The Perot Museum of Nature and Science has put new polish and shine on one of its marquee attractions. The Lyda Hill Gems and Minerals Hall has been refreshed and reopened with four signature displays and a new initiative meant to attract the international spotlight.
The crown-jewel exhibit, which closed in early January for enhancements, reopened to the public on January 31 with a redesigned floor plan and new opportunities for guests to learn about the beautiful, rare gems and minerals on display.
The showpiece of the new display is a dazzling birthstone exhibit. A signature case highlights birthstones in both rough form (in its natural state from the ground) and faceted form (cut for artistry purposes), the museum explains. An additional display showcases exquisite jewelry created from the birthstones for each month. It will rotate 12 times per year.
Other highlights of the enhanced hall include:
- A total of 37 cases, including four new signature displays with large, easy-to-use touchscreens that present information in both English and Spanish.
- A larger case for The Eyes of Africa, a show-stopping “alien eye” fluorite from Namibia on loan from Lyda Hill. The case contains updated details about its intriguing backstory.
- A case displaying the magnificent example of stibnite with robust clusters of crystal formations recovered from an industrial mine in the Jiangxi Province of China.
- A premier case for the beloved “grape jelly” geode — a 5-foot-tall amethyst geode — that invites guests of all ages to crank it open for a glittering peek.
In addition, the luminescent “Aurora Butterfly of Peace” is on loan from owner and curator Alan Bronstein. The work of art is made up of 240 colored diamonds (some that fluoresce) in the shape of a butterfly that Bronstein says symbolizes a “spiritual connection to Earth for all humankind,” the museum says. With colors ranging from fiery orange to tranquil blue and rosy pink, the “Aurora Butterfly” took 12 years to create and is adorned with diamonds from nearly every continent on Earth, it says.
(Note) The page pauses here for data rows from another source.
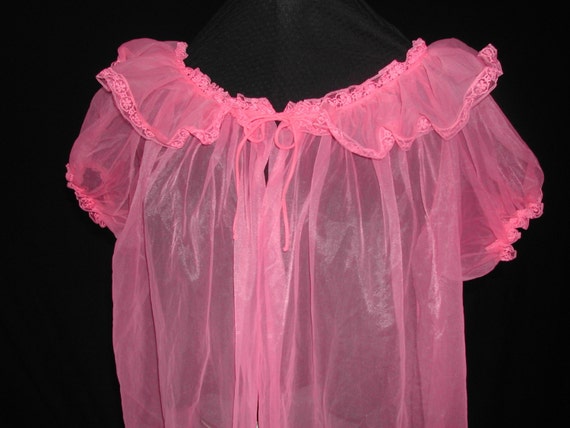 Light Pink Sheer Short Negligee Robe by ChiffonLounge on Etsy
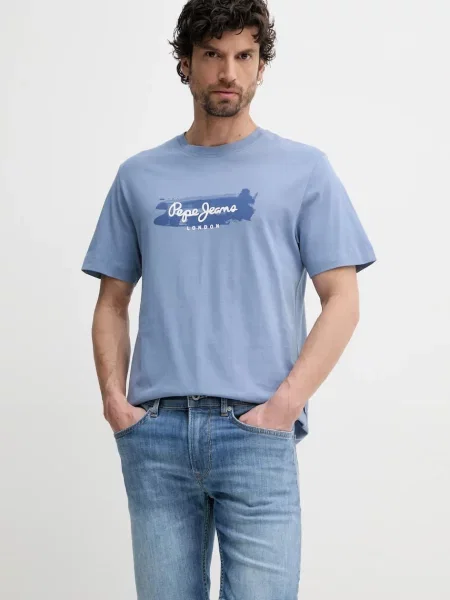 Тениска Pepe Jeans PICTHON с принт синьо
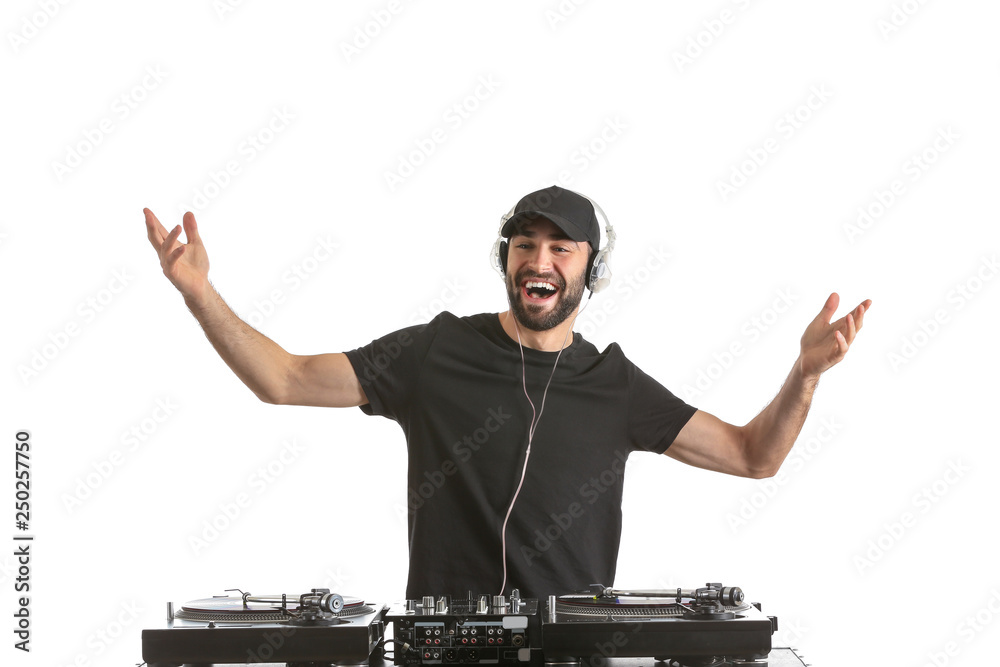 Male DJ playing music on white background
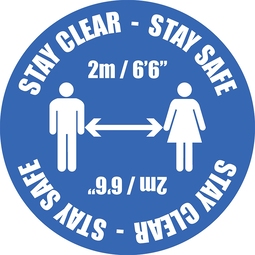 Floor Sticker Stay Clear Stay Safe Roundall 400MM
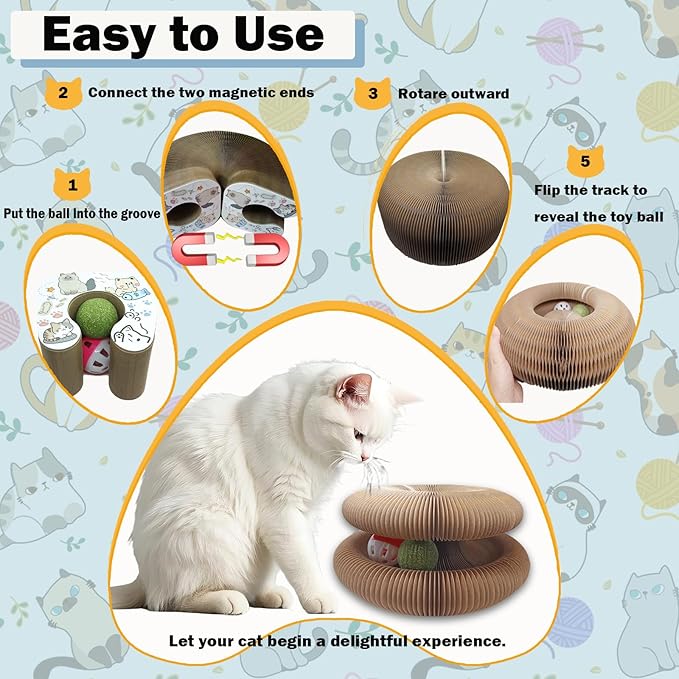 Magic Organ Cat Scratcher Adventure Toy with Bell and Catnip Balls Toys Foldable Recyclable Accordion Kitten Toy Ultimate Interactive Mental & Physical Exercise Cat Toys for Indoor Cats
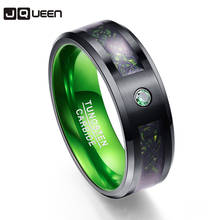 Carbon Fiber Men Rings Scrub Green Zircon 100% Tungsten Carbide Wedding Bands Anillos para hombres Black Dragon 2024 - buy cheap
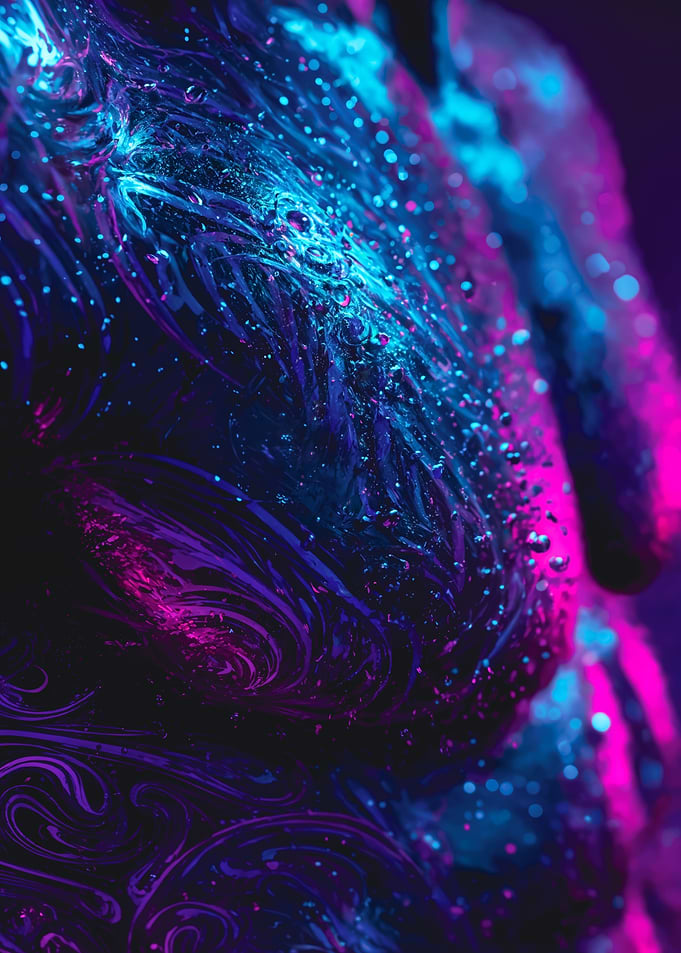 Abstract Neon Male Body Silhouette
On display through spring, the “Aurora Butterfly” is surrounded by a rainbow of mineral cases each dedicated to a different color.
A sampling of specimens from Texas, Colorado, Arizona and California is on display, along with those from countries around the world, including China, Mexico, Brazil, Germany, Australia, and Afghanistan.
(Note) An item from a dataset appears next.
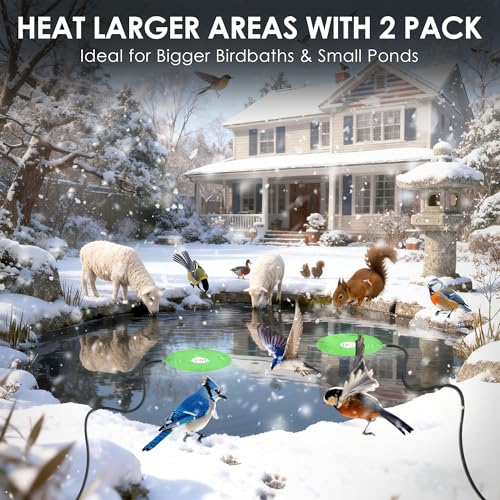60W Bird Bath Heater, Submersible De-Icer for Outdoor Winter Use, 2 Pack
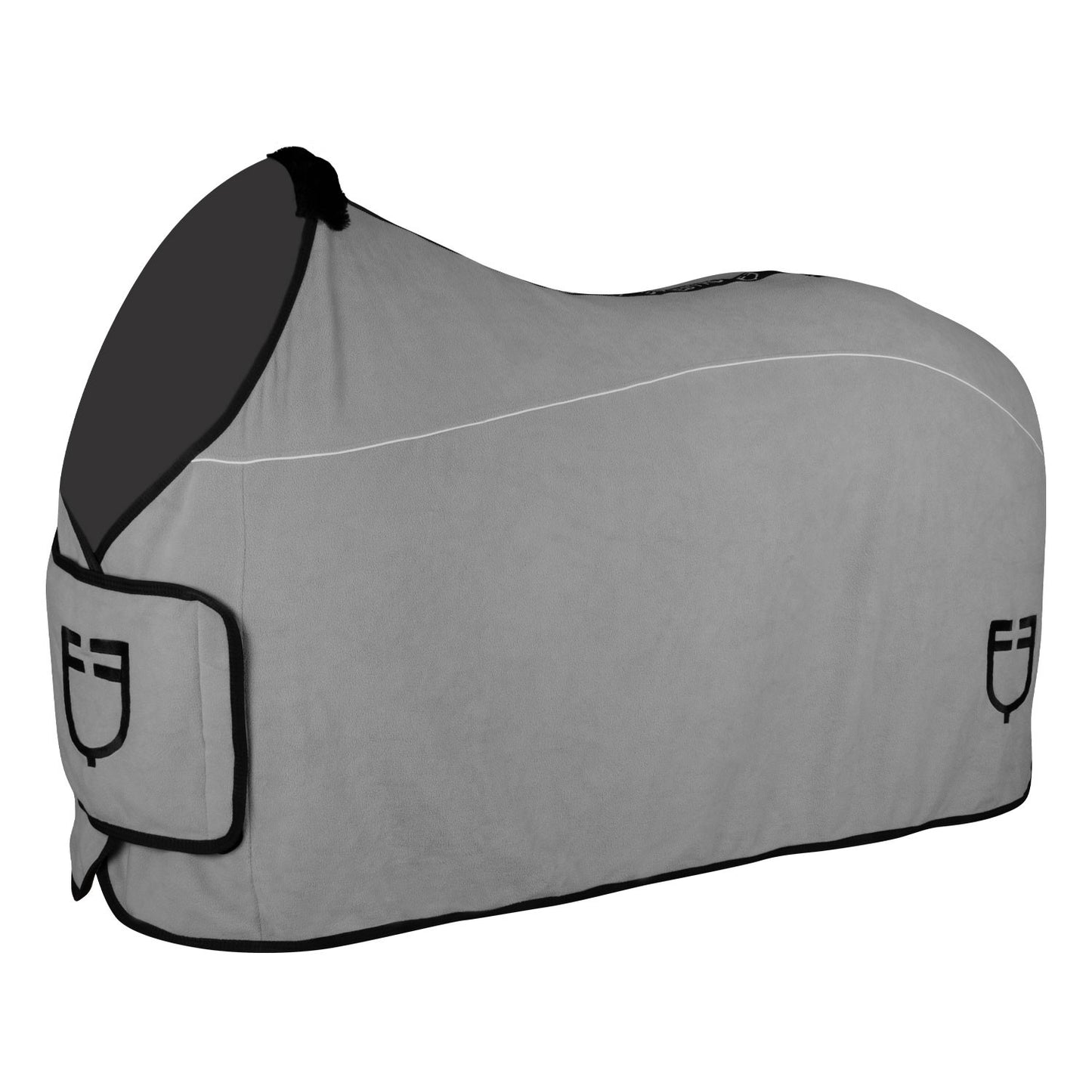 Manta de polar con cierre frontal con solapa Equestro - Gris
Another part of the gallery spotlights an array of minerals such as tourmaline, rhodochrosite, aquamarine, garnet, opal, fluorite, calcite, smithsonite, pyrite, and quartz.
“By bringing the world’s most exceptional gems and minerals to North Texas, we hope to inspire guests to more deeply connect with this fascinating science,” says Dr. Linda Silver, Eugene McDermott Chief Executive Officer of the Perot Museum of Nature and Science, in a release. “With a revitalized and redesigned gallery and the addition of the new Gems and Minerals Center of Excellence, the Museum is positioned to attract the most significant pieces in the world. We will be a leading authority for gem and mineral education for years to come.”
A new initiative
The updated hall is just one step of the Perot Museum’s new strategic focus to shine internationally in the gems and minerals realm, museum officials say. The second effort will be its Gems and Minerals Center of Excellence, which "will elevate its status as a core for education and communication about the ever-changing sciences," the museum says.
Spearheading the second strategic initiative is Kimberly Vagner, who recently joined the museum as director of the Gems and Minerals Center of Excellence. She will curate the collection, guiding the museum's “loan-versus-own” method of displaying, creating ways to increase interest in gems and minerals, and developing educational programs for visitors of all ages.
The museum also has established the Perot Museum Gems and Minerals Legacy Award to recognize support for its Gems and Minerals Center of Excellence and outstanding contributions to the gems and minerals community. Lyda Hill is the 2019 recipient.
“Lyda Hill’s conviction that science holds the key to bettering the world for humanity led her to support the Perot Museum as a founding donor from the very beginning,” says McFarland in the release. “She supports the museum in many ways — among them, for nearly 15 years, she has loaned exquisite minerals to the Perot Museum collection for millions of guests to enjoy and in hopes of inspiring a deeper understanding of the scientific wonders of gems and minerals.”